Directions to the Preserve: Clayton access point: (Black Creek Road, Clayton, NY) From Clayton, take State Rt. 12 south out of Clayton. From the stop light, travel one-half mile to East Line Road (The Victorian Gas & Convenience Store is on the corner). Turn left onto East Line Road and travel 2.1 miles to Black Creek Road. Turn right onto Black Creek Road and travel approximately 1.3 miles – Black Creek Road takes a hard left – to the stone marker for the trail. The trail extends in a south-easterly direction from the road.
LaFargeville access point: Off State Route 411 (Theresa Street), opposite LaFargeville Agway.
This is a multi-use trail on the old New York Central/Penn Central Railroad bed in Clayton, Orleans, Theresa, Redwood and Philadelphia. The rails-to-trails project, now 25 miles long, is named for former director, Louise “Sissy” Danforth, who was the inspired energy behind its development. The trail crosses through several municipalities, each of whom upkeep their specific sections. The trail is mostly straight with a few bends and hills and has a very high bridge which overlooks in the Indian River Gorge and one underpass. Tell-tale signs of a former railroad bed with scenic views of farmland, woods, ponds and rivers where you may see birds of prey, ducks, beaver or deer. Trail is open from dawn to 12:30am.

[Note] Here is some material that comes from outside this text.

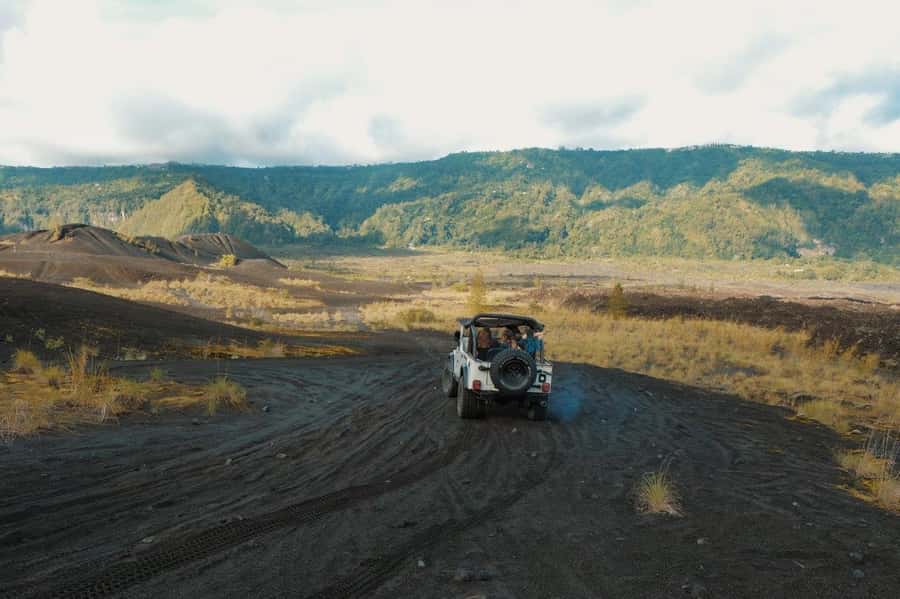 Bali: Day/Sunset Mount Batur 4WD Jeep and Natural Hot Spring - Key points to know before booking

Directions to the Park: From Watertown take Rte. 3 West past Henderson Harbor and look for flashing light on Military Road. Take a right on Military Road (Rte. 178). Go 4 miles and bear right at the Y that splits to the Lighthouse road on the left and look for the Wehle State Park Sigh on the gravel road – stay on Military Road until you see the State Park sign.
The State Park sign reads: ‘This 1,043-acre state park, formerly the estate of Robert G. Wehle, opened to the public in 2004 through the generosity and partnership of the New York State Office of Parks, Recreation and Historic Preservation, the New York State Department of Environmental Conservation, and the Wehle family. The park’s network of carriage paths and foot-trails pass through a diverse mixture of wetlands, woodlands, meadows, and pasture lands. Three miles of dramatic limestone cliffs, some reaching 80 feet high, provide breathtaking scenic overlook before dropping down to Lake Ontario’s shoreline.’
There are over 25 miles of trails, and more seem to be added all the time! Watch out in hunting season as some of the trails are off-limits due to hunters in the area. Look in the Stony Point region as there are more trails and don’t forget to see the lighthouse as well. It is probably best to bring a hybrid or mountain bike on some of these trails.
Black River Trail, on the east edge of Watertown off Rte. 3, is a wide, paved trail accessible for everyone. This trail is well-used from dawn ‘til dusk. The trail is 3.3 miles from end to end and is well-marked with mileage posts from each direction. The Black River end of the trail features a picnic area and access to wide rocks at the edge of the Black River. The river edge is not fenced off and the current is often swift. A close eye should be kept on children and pets. The parking area is near the junction of Ridge Rd and Woodard Rd.Old Mill Town Loop (32 Miles, rated 3).
Note: A new section of trail is currently in the planning stages. A $950,000 project consists of constructing a section of trail from Ridge Road under the Eastern Boulevard bridge. Some 800 feet of trail will pass by the city’s water treatment plant, where it will then head to Huntington Street to connect with Waterworks Park. The city’s Planning Department worked with the state Office of Parks Recreation and Historic Preservation to obtain the funding that will culminate with a more than five-mile stretch of uninterrupted trails along the Black River.
Maple City Trail offers a short, but scenic route through Ogdensburg in northern New York. It begins at the city’s visitor center on the south bank of the St. Lawrence River, which separates the state from Canada. From there, the paved trail heads south, hugging the Oswegatchie River on one side and a row of beautiful mature trees on the other. Parking is available at the Ogdensburg Visitors Center (100 Riverside Avenue).
Note: A new section of the trail is currently underway. In Ogdensburg the trail will convert an old iron railroad trestle into a pedestrian and bicyclist extension of the Maple City Trail. City officials have over the years looked at various scenarios for incorporating the old iron trestle into the municipality’s existing trail system along the Oswegatchie and St. Lawrence rivers. The conversion and use of the abandoned railroad bridge and corridor for pedestrian, bicyclist and other non-motorized transportation users will add 2,400 feet to the existing trail and create a loop with state Route 812. The rail bridge will connect the existing trail to the highway through a series of easements through privately held property adjacent to the bridge.